Pois bem, ao ter de aceitar, a partir dos anos 90 e pelas mãos de seus dirigentes políticos, que a interdependência econômica constitui uma organização social dotada de maior racionalidade instrumental do que a autonomia semi-autárquica até então praticada, o Brasil passou a viver plenamente a era neoliberal, ou pelo menos passou a ter de suportar ou conviver com um regime neoliberal. Em todo caso, é disso que os partidários do modelo anterior, ou defensores da soberania nacional, acusam os sucessivos governos desde o início da presidência Collor. Admitamos, portanto, que isso corresponda à verdade e que de fato saímos do purgatório autonomista para o limbo neoliberal, sem nunca ter alcançado o paraíso do pleno desenvolvimento econômico e social.

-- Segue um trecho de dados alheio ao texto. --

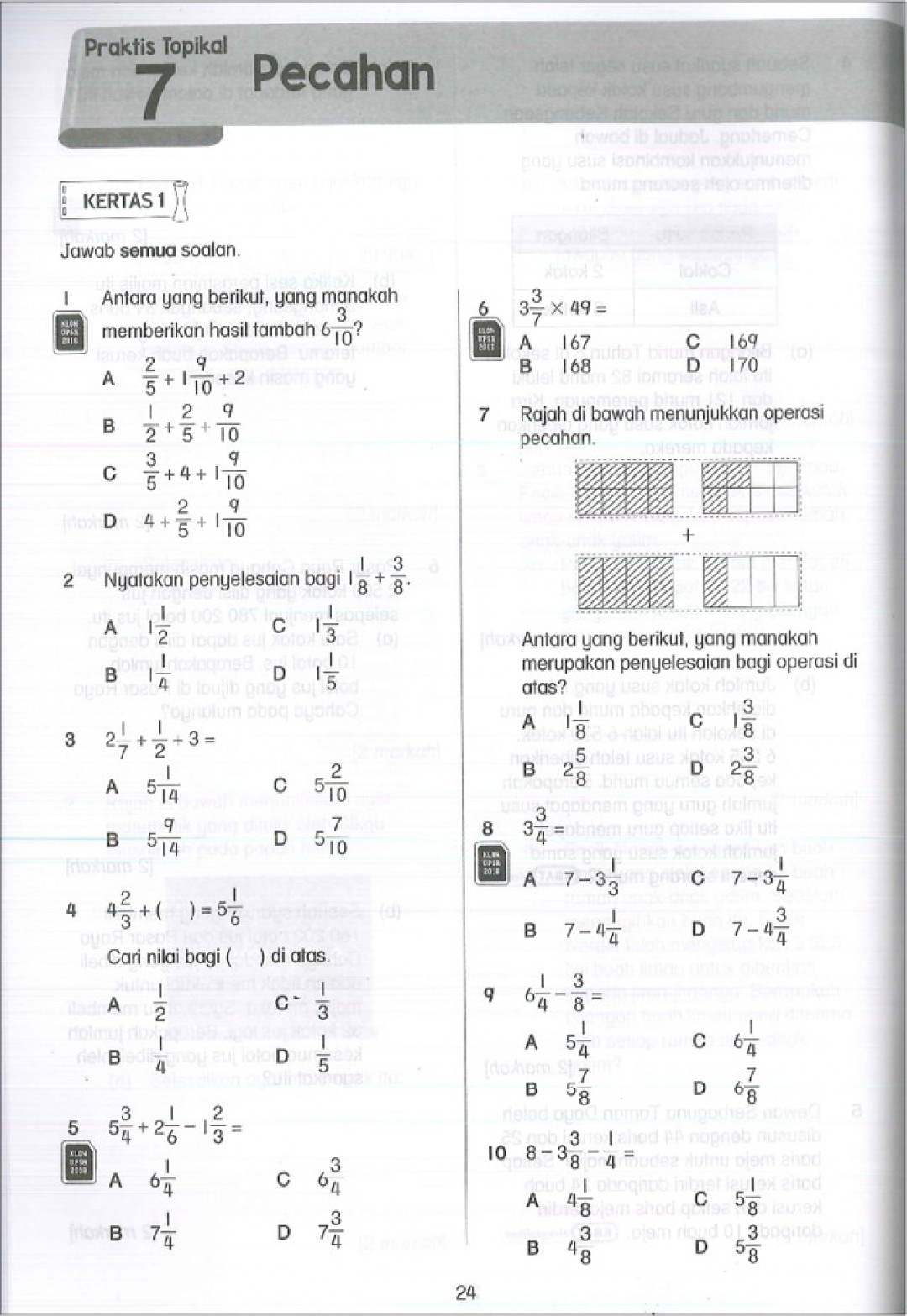 Praktis Topikal UPSR (2019) Matematik Tahun 5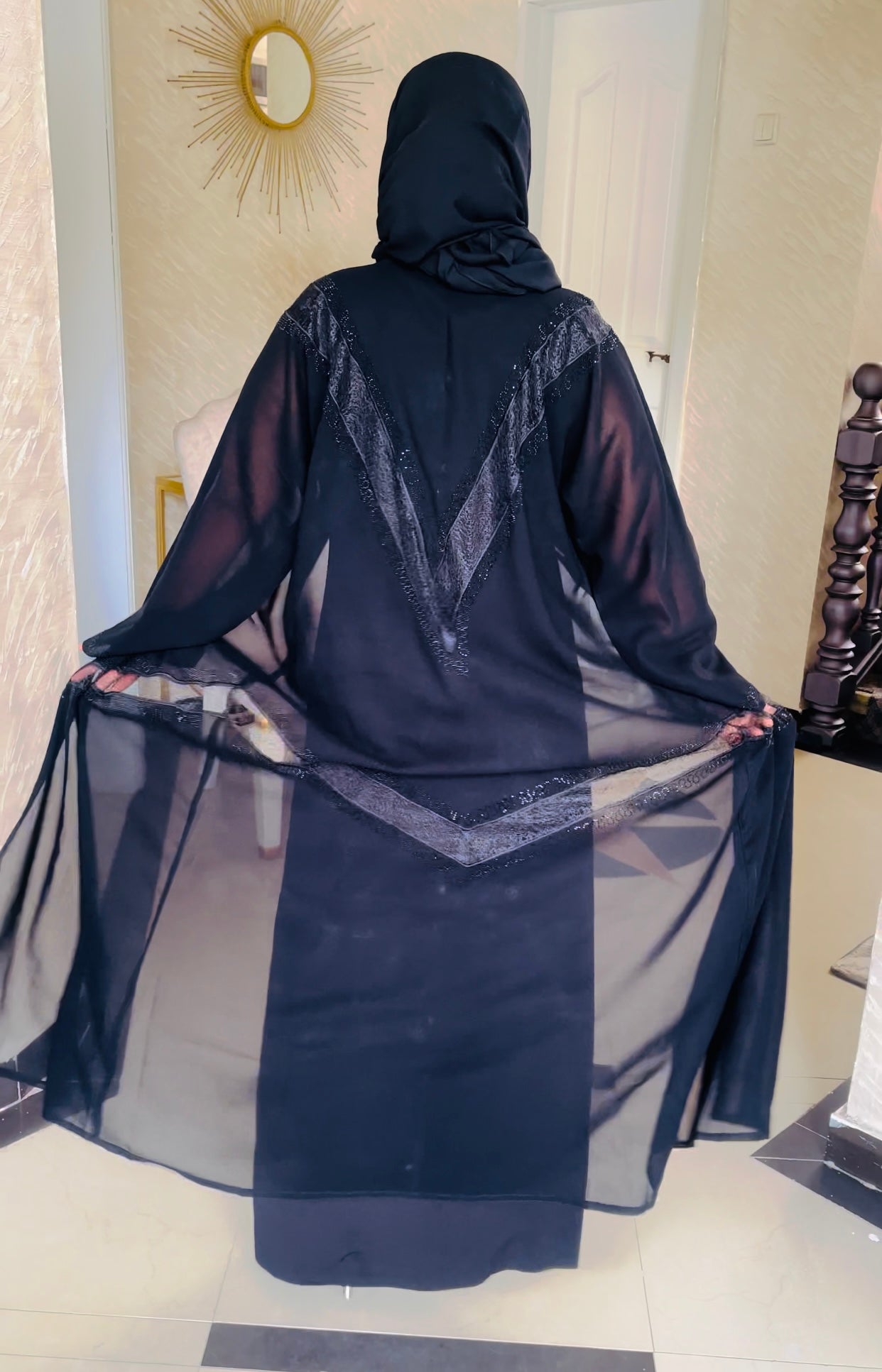Black Open Abaya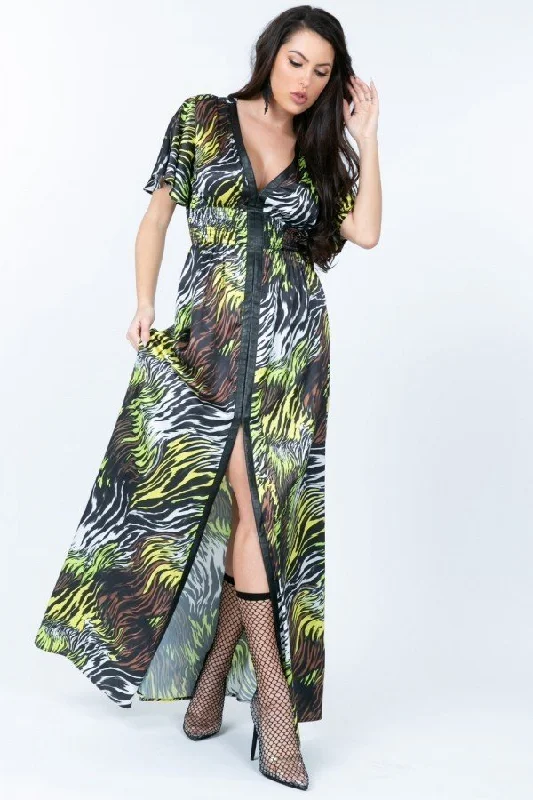 Deep V Neck Slit Zebra Print Long Dress Tunics Occasion special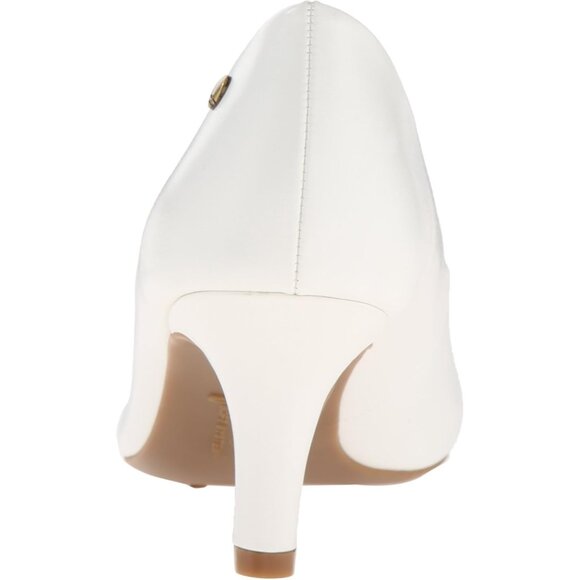 LifeStride Women White Polyurethane Closed Pointed Toes Kitten Heel Pumps - Picture 3 of 8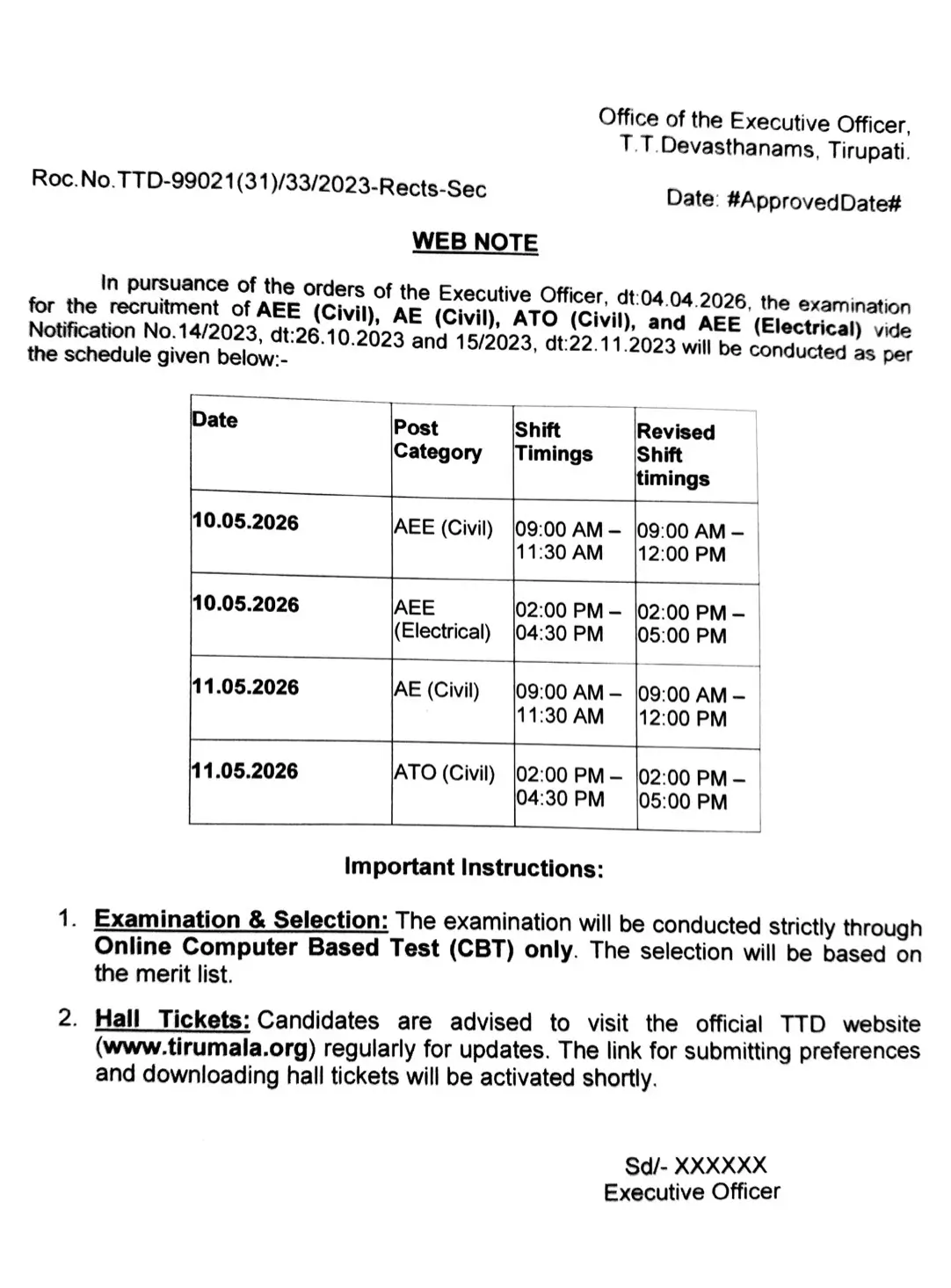 TTD AEE, AE & ATO Exam Date 2026 Out, Check Official Schedule Here_3.1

Para atender aos requisitos do subtítulo deste trabalho – realizar uma avaliação econômica e política da era neoliberal no Brasil – nós precisaremos então colocar essa era neoliberal sob o teste da realidade, isto é, aferir o desempenho relativo e as realizações do neoliberalismo no Brasil, para confirmar se e como tais políticas e práticas se ajustam efetivamente ao cânone neoliberal. Será necessário, pois, formular uma série de perguntas e questões fundamentais que nos permitirão comparar a era neoliberal com as políticas e práticas de uma era anterior, assim como com realizações similares em nossa própria era, conformando portanto uma análise ao mesmo tempo sincrônica e diacrônica. Caberia contudo lembrar, desde o início, que o regime anterior sob o qual o Brasil estava organizado economicamente – seja durante o período militar, seja sob a República de 1946 – não se caracterizava exatamente pelo estruturalismo econômico – que seria, supostamente, o oposto do neoliberalismo atual –, mas por um sistema híbrido, que poderíamos caracterizar como de "liberal-intervencionismo", praticado tanto sob os "czares econômicos da ditadura" (Roberto Campos, Delfim Netto, Simonsen etc.), como pelos ministros políticos da Fazenda na "república populista" que a precedeu.